With or without a question tag?

Antara Manova

Member
Bulgarian Bulgaria
I have a question with a very subtle meaning in the difference -- a sentence with or without the usage of a question tag. I'd like to hear which one sounds better. The sentence is coming from a British English speaker.

“I need to talk to Dayton and Hugh about this. I can’t raise your salary without their knowledge and approval, (now) can I?”

vs
“I need to talk to Dayton and Hugh about this. I can’t raise your salary without their knowledge and approval.”

Is there any subtle difference in the first and in the second sentence? Which is better for a BE?

Thanks
 
  • owlman5

    Senior Member
    English-US
    Without the tag, the sentence is a simple statement of fact.

    If you use the tag, you are inviting the listener to disagree with you. That listener might answer "I think you can."
     

    dojibear

    Senior Member
    English - Northeast US
    I can't do X now, can I? = I can't do X. I'm sure we both agree on that. Right?
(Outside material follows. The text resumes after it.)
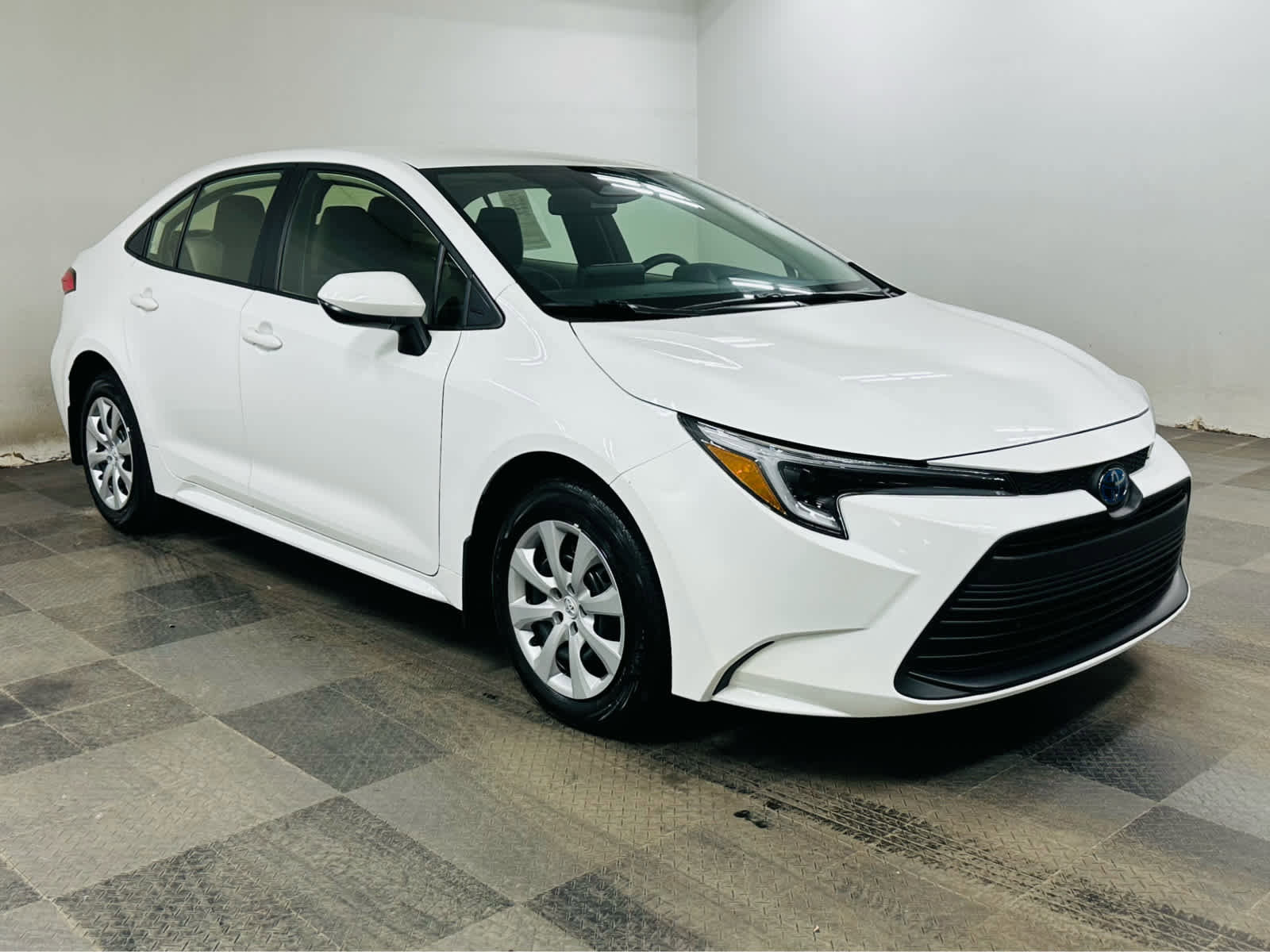 Certified 2024 Toyota Corolla LE FWD image 1
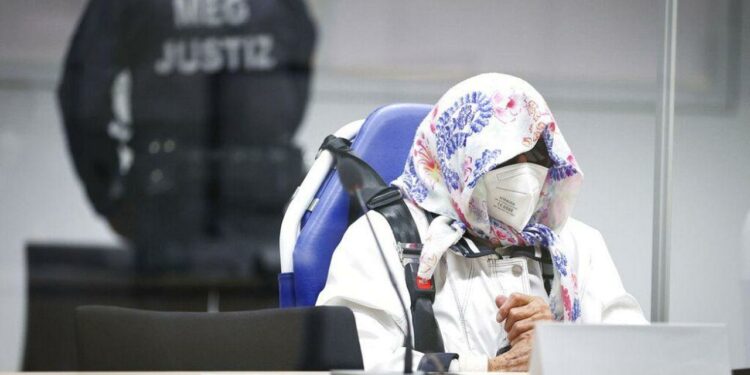 A 97 anni condannata segretaria nazista: è stata complice di 11mila omicidi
    The extra words imply it is something obviously true. It's similar to saying "of course".
     

    boozer

    Senior Member
    Bulgarian
    I agree with Mr Owl, except for one small thing - the question tag is not inviting the listener to disagree, but to agree. :D Of course, such an invitation can easily be turned down, so he surely has a point... :) Neither sounds better or worse to me - they are equally correct.